Patient Ben Deitner says, "There's little things from day to day that I started to notice. I was saying what more often, I couldn't hear the radio, I had to turn the TV up, little things like that."

Being a construction worker for over 20 years and an avid hunter, Ben Deitner is around loud noises more often than not.

Deitner says, "I wouldn't say it was bad but I knew that if I didn't do something about it now I would have just let it go for years and I would've ended up coming back for something more than just hearing protection."

Excessive noise exposure damages the delicate hair cells in the inner ear.

Mankato Clinic Audiologist Amanda Bone says, "As that hair in the inner cell is getting damaged over time it usually is a slower progression so you don't notice it right away."

Noise trauma is easily prevented by avoiding loud noises, having little exposure time, or wearing ear protection.

Bone says, "with certain loudness levels there's exposure time that's actually permissible to have say like a vacuum cleaner, just general traffic noise with an 8 hour exposure time within 24 time frame span that won't really cause any damage. But once you get to firecrackers, gun shots even loud concerts where it can get pretty significantly loud, that's where you can start to see immediate damage to the hair cells because of the intensity and it can start causing damage even after a few seconds."

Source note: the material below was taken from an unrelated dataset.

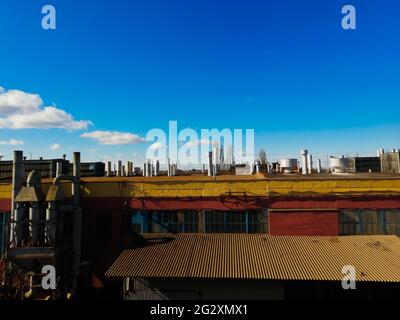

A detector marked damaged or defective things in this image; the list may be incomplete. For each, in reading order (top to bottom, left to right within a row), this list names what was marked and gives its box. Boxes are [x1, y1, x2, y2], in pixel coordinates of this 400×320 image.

Deitner says, "Currently I use a product called a hunter plug. It is a custom formed plug to my ear that is battery powered so when its turned on I can hear everything. I could hear a cat walk across the floor from 20 feet away. The sound is actually amplified. I could turn that down so it's not as loud and it acts just like a normal plug. So what happens when say a gun shot goes off it closes the sound off and acts as a normal hearing protection device. As soon as that gunshot is gone it switches over to an amplified sound."

And while many people may not notice it now, as they get older the more trouble you will have hearing if you don't take steps to protect it now.

Deitner says, "Nobody likes to say I wear hearing plugs or hearing protecting while they're out hunting. But in the long run I would rather have come into the clinic to purchase a set of hearing plugs hearing devices as that rather than 10 years down the road for massive hearing loss and having to come in for hearing aids."